_Provided material:_
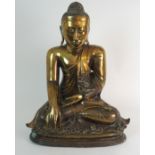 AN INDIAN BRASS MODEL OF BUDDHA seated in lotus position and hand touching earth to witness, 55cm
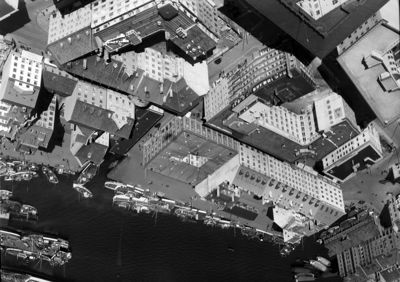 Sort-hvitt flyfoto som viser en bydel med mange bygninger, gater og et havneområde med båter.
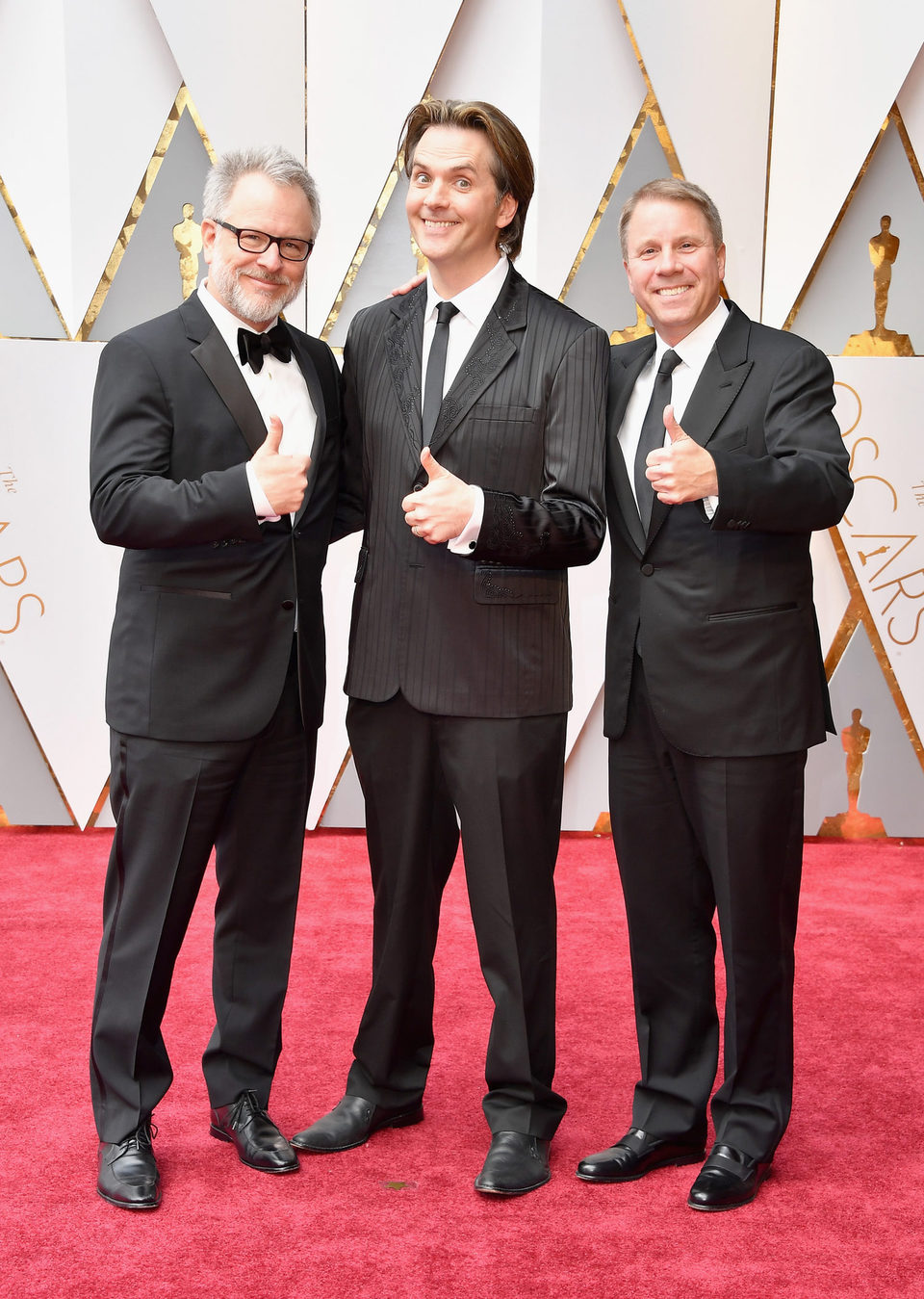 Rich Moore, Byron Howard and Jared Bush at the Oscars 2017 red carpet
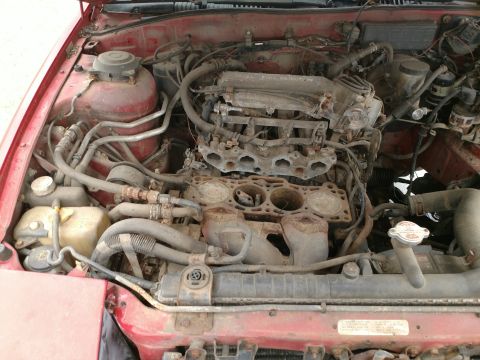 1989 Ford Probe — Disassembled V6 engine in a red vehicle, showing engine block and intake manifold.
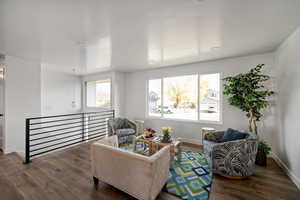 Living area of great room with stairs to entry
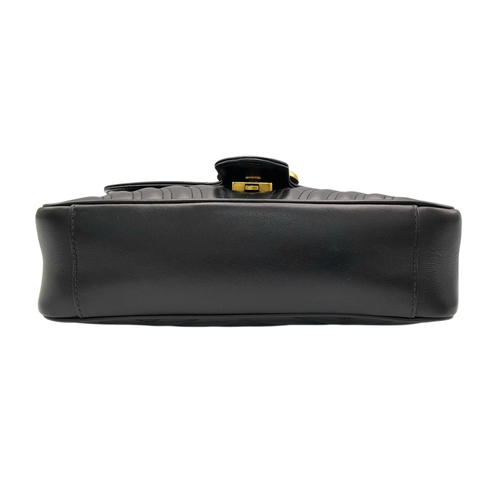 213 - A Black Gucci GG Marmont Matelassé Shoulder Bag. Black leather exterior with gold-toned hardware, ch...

--

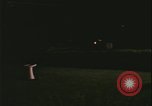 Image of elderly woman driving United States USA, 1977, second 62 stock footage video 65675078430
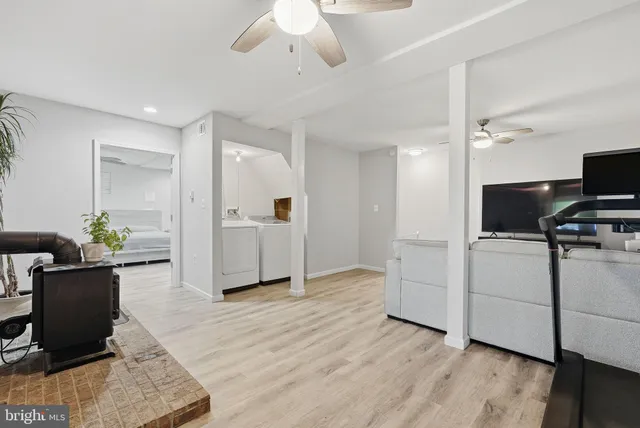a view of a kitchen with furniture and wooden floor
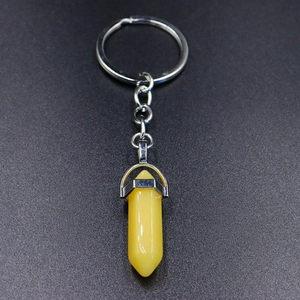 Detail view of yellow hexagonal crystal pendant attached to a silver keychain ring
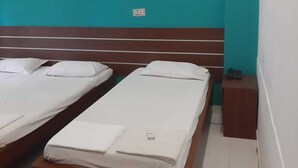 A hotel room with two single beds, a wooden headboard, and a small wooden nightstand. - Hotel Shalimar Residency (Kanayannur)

_Exercise prompt:_ No picture is to be printed. Output exactly the lines above from the line containing "Image of elderly" through the line containing "A hotel room".

_Solved exercise:_
 Image of elderly woman driving United States USA, 1977, second 62 stock footage video 65675078430
a view of a kitchen with furniture and wooden floor
 Detail view of yellow hexagonal crystal pendant attached to a silver keychain ring
 A hotel room with two single beds, a wooden headboard, and a small wooden nightstand. - Hotel Shalimar Residency (Kanayannur)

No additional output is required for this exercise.